- Task directions -
In the material below, find the line containing "jayamruthyunjaya-swamiji" and output it and all lines after it exactly, through the last one, without the pictures.

- Information supplied -
--- --- ---
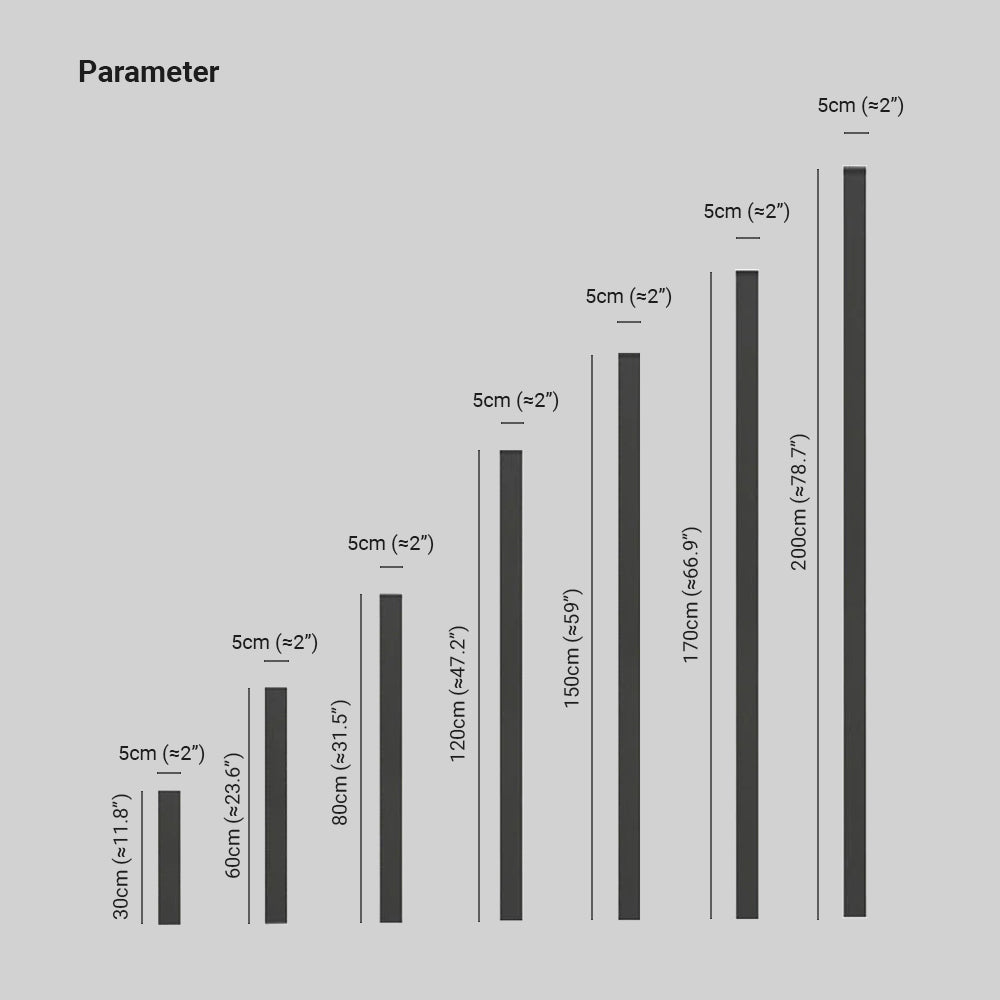 Frendorf | Beleuchten Sie Ihren Außenbereich mit der Edge Ripple Wandleuchte
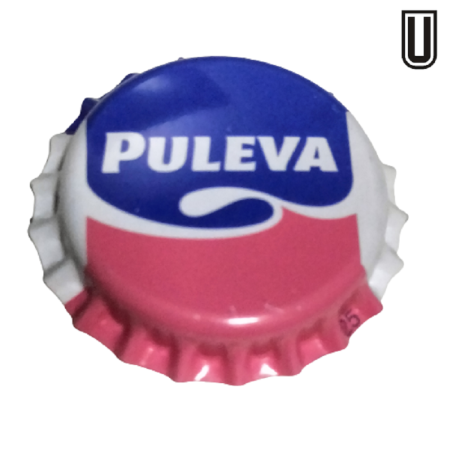 ESPAÑA (ES)  Otros Puleva Sin usar sin plástico en el reverso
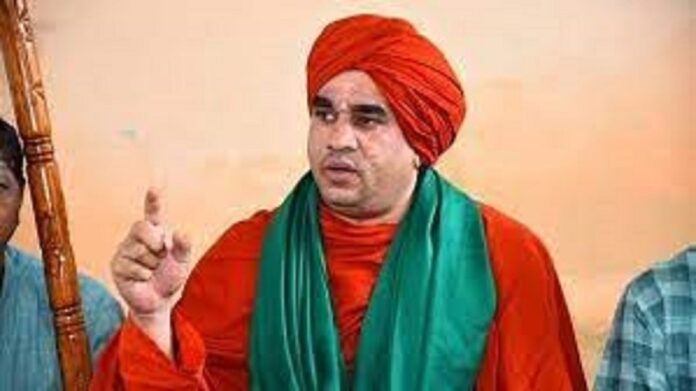 jayamruthyunjaya-swamiji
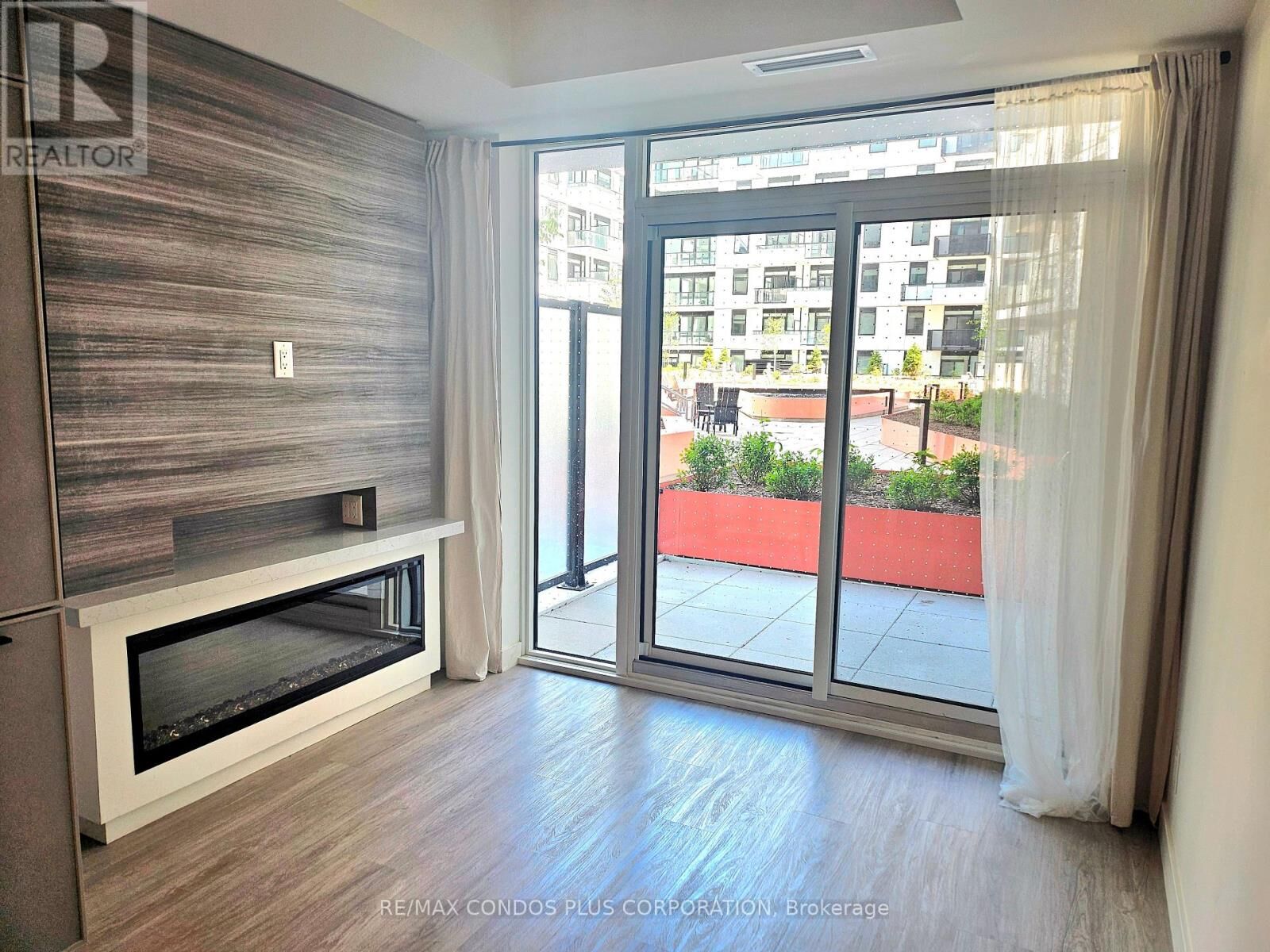Property Photo:  1050 Eastern Avenue 345  ON M4L 0B7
--- --- ---
- Exercise output -
 jayamruthyunjaya-swamiji
Property Photo:  1050 Eastern Avenue 345  ON M4L 0B7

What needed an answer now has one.